## Exercise:
Only a number is wanted here: the count of lines in the entries below that include the word "Villa".

## Provided data:
- - -

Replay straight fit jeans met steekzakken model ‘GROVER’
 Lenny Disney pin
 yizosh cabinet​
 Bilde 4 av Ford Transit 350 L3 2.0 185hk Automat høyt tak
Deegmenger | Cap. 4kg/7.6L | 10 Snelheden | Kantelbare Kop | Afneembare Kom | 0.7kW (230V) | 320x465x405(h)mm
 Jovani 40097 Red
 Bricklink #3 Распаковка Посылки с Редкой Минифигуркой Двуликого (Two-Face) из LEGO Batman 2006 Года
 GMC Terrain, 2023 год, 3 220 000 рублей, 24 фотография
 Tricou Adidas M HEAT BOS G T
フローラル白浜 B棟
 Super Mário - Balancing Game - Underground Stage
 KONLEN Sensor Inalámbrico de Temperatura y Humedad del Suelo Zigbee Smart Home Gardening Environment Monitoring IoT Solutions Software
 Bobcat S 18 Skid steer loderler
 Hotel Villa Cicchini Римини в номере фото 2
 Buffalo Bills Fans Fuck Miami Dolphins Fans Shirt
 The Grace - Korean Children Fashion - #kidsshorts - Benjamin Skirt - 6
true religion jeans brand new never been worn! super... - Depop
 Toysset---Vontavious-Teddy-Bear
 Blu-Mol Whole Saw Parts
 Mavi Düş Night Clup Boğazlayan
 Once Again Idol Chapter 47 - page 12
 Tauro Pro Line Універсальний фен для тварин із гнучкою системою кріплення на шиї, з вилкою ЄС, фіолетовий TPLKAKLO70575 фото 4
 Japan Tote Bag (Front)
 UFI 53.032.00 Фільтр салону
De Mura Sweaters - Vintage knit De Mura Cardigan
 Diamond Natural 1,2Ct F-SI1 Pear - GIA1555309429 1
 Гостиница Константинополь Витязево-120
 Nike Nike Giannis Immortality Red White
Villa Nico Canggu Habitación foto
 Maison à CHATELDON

- - -

## Result below:
2